Alright we are almost ready to calculate the average difference. Now we know how we can figure out who does and does not have health insurance, but how do we separate them out? One way to go about this would be to examine the output of the last line of code to see which rows have healthins==1 then extract those rows as we have done before. That’s actually not too difficult with this small dataset, but imaging trying that with a dataset containing thousands of rows! There is an easier way to do this using the subset function. I’ll demostrate the subset function directly with the code we need. Then we are all ready to take our average difference in the health index.

treat<-subset(introtoR, healthins==1) #We are subsetting the dataset to only include individuals with health insurance (treatment group) here. Note that here we put two inputs into the function: the dataset we are subsetting from and the conditional statement that specifies the rows we want control<-subset(introtoR, healthins==0) #Control group. Could have also used the condition "healthins!=1". mean(treat$health)-mean(control$health) #calculate the average health index for treatment and control groups and take the difference.

## [1] 4.266667

summary(treat) #look at the sample averages of treatment and control groups to check for balance.

## health healthins female age ## Min. : 5.0 Min. :1 Min. :0.0000 Min. :19.00 ## 1st Qu.: 6.5 1st Qu.:1 1st Qu.:0.0000 1st Qu.:21.00 ## Median : 8.0 Median :1 Median :1.0000 Median :24.00 ## Mean : 7.8 Mean :1 Mean :0.6667 Mean :24.67 ## 3rd Qu.: 9.5 3rd Qu.:1 3rd Qu.:1.0000 3rd Qu.:27.50 ## Max. :10.0 Max. :1 Max. :1.0000 Max. :35.00 ## famheart ## Min. :0.0000 ## 1st Qu.:0.0000 ## Median :0.0000 ## Mean :0.3333 ## 3rd Qu.:1.0000 ## Max. :1.0000

summary(control) #look at the sample averages of treatment and control groups to check for balance.

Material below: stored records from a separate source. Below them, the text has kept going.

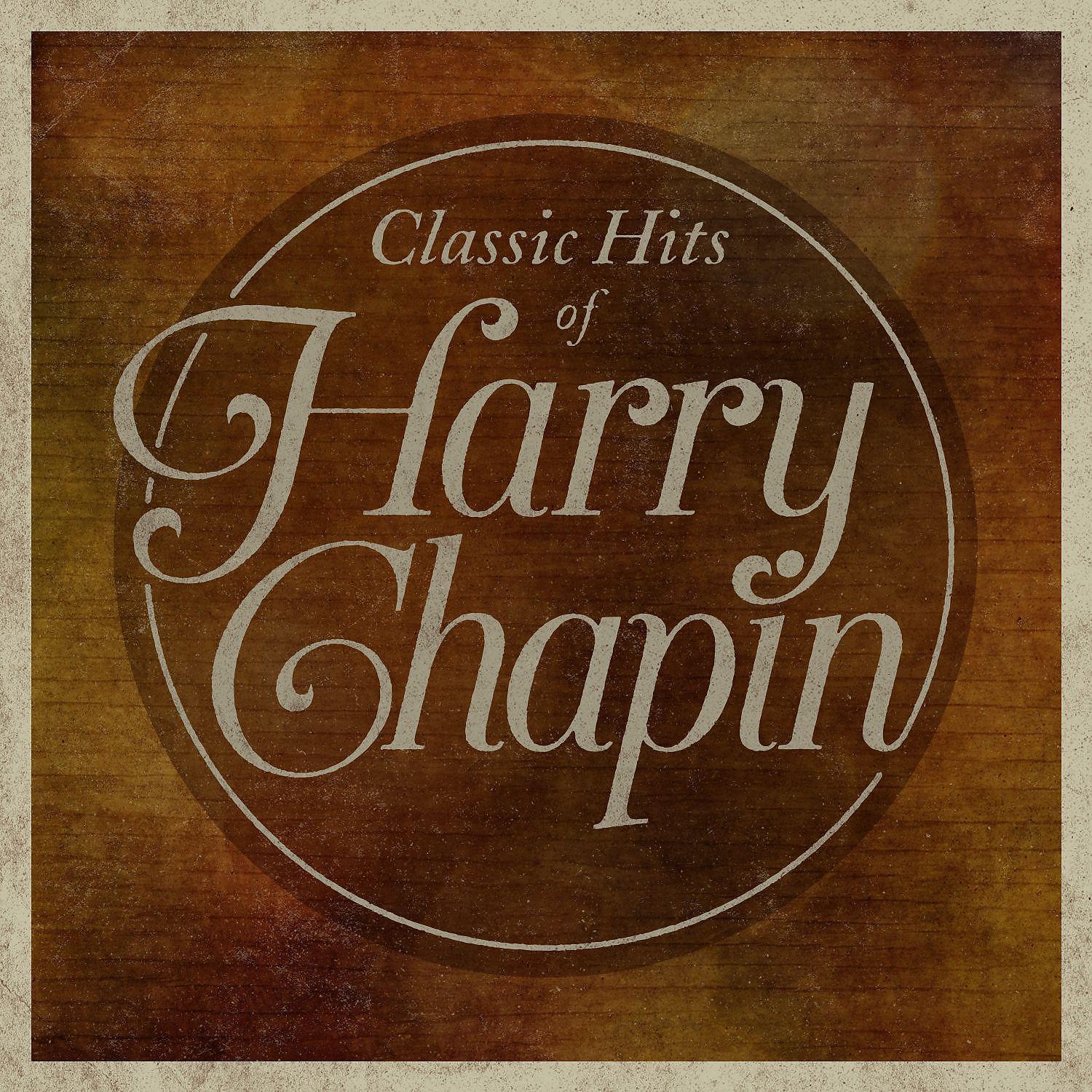 Постер альбома Classic Hits of Harry Chapin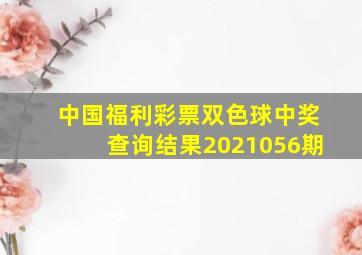 中国福利彩票双色球中奖查询结果2021056期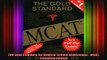 READ book  The Gold Standard for Medical School Admissions  MCAT  Canadian Edition Full Free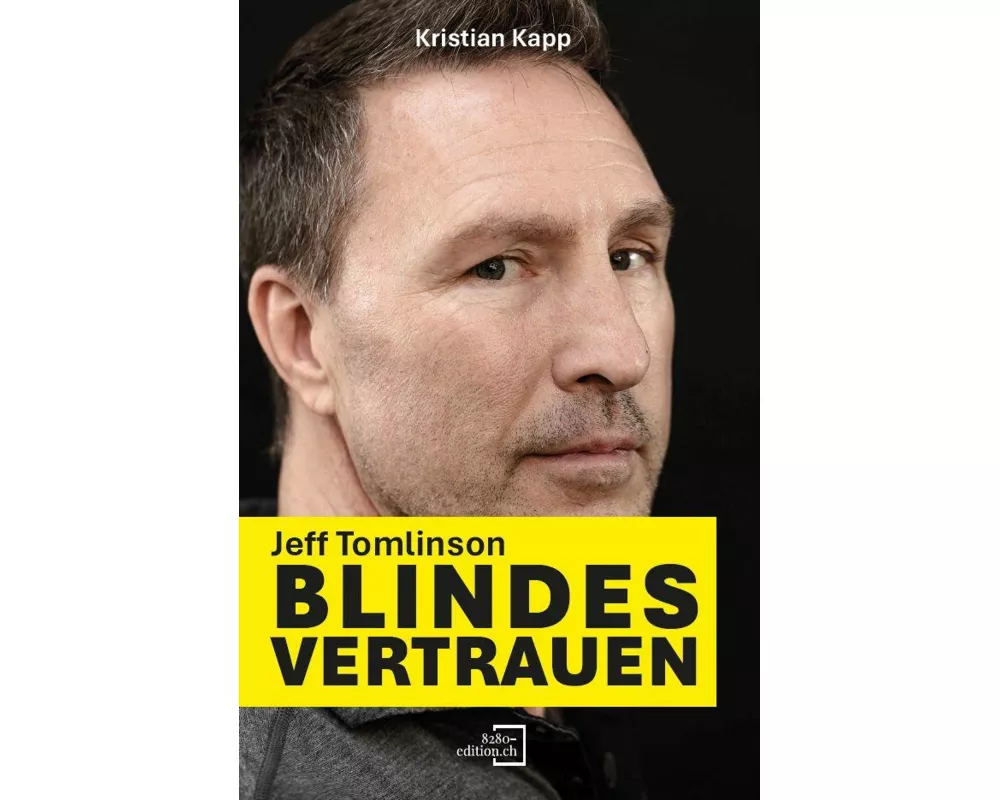 Jeff Tomlinson - Blindes Vertrauen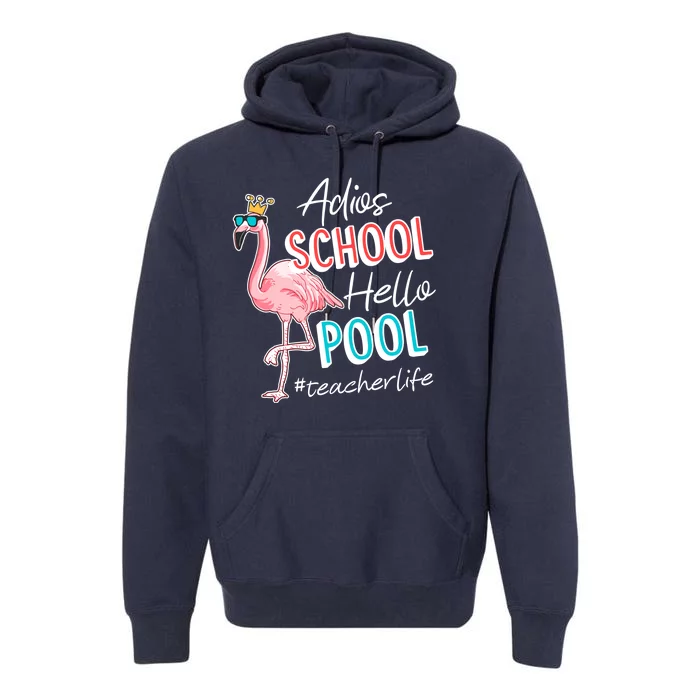 Adios School Hello Pool Teacher Life Flamingo Premium Hoodie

## health healthins female age ## Min. :1.000 Min. :0 Min. :0.0000 Min. :29.00 ## 1st Qu.:2.000 1st Qu.:0 1st Qu.:0.0000 1st Qu.:32.00 ## Median :3.000 Median :0 Median :0.0000 Median :39.00 ## Mean :3.533 Mean :0 Mean :0.3333 Mean :39.93 ## 3rd Qu.:5.000 3rd Qu.:0 3rd Qu.:1.0000 3rd Qu.:45.50 ## Max. :9.000 Max. :0 Max. :1.0000 Max. :59.00 ## famheart ## Min. :0.0 ## 1st Qu.:0.0 ## Median :1.0 ## Mean :0.6 ## 3rd Qu.:1.0 ## Max. :1.0

Note the large average difference we find. I took the liberty of using the summary function on the two subsets to check for balance. It is pretty easy to see that all else is not truly equal here.